Much to his shame, Gary sends spam for a living. Not the spam that promises to enhance your sex organs, or let you view teenagers engaged in acts illegal in 43 states. He sends those newsletters and promotional notices that you delete unread on behalf of that company you bought something from once and have since forgotten about but can't be bothered to find the unsubscribe link at the bottom. So, not spam spam, but the content you couldn't care less about, nonetheless.

At one point, Gary was polishing up the data set underlying the company's largest campaign yet. Any campaign was complex, although this was an order of magnitude beyond that.

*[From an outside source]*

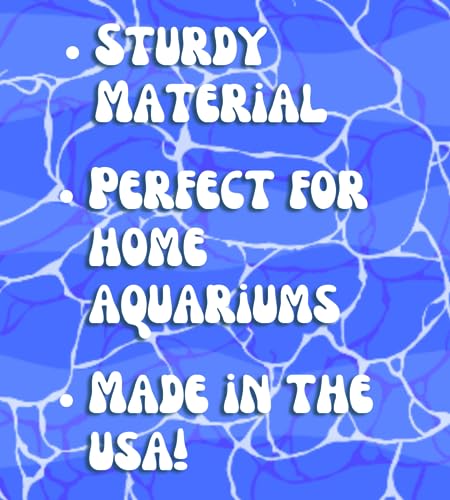 Chatelet REEFSHAPE - Abstract Aquarium Viewing Tunnel | Wavy Design Fish and Shrimp Hideout | Under-Substrate Tunnel | Made in USA (Tan) - color: Tan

Gary had to build an analytical model off of their address pool, isolating the target market segment, tacking on some demographic modifiers, and get that bundled up and handed off to their third-party bulk-emailing service. While he did that, swarms of graphic designers and copywriters actually built the promotional materials; they fought it out over the proper values for kerning in the banner and what color the footer should be. And again, all of that needed to be packaged up and handed off to the bulk-email service.

When launch-day rolled around, Gary's development team was relaxed. The "Big Moment" was high stress for everyone else in the company, as they struggled with last minute modifications, but the development team simply waited for the go-ahead to "push the button."

"Can I push the button?" Clayton, the business manager asked. His eyes glowed at the prospect of sending out 50,000 emails with a single click.

"Sure," Gary said. After all- it was just a button. What could possibly go wrong?

Gary handed Clayton the mouse and pointed him at the third-party emailer's website. Clayton clicked. Ten seconds later, when Clayton hadn't seen any response, he clicked the button again. And again.

It happened too quickly for anyone from the development team to realize what just happened. It wasn't until the monitoring email address they used dinged for a new message not once, but three times. By then, it was too late to do anything about the 150,000 emails that had just surged out. Gary's company was billed three times by the bulk emailer. And ten times as many people bothered to find the unsubscribe link at the bottom of the message to cut down on the spam. And Gary's team got a stern lecture about being cautious about these vital campaigns.

Clayton never asked to push the button again.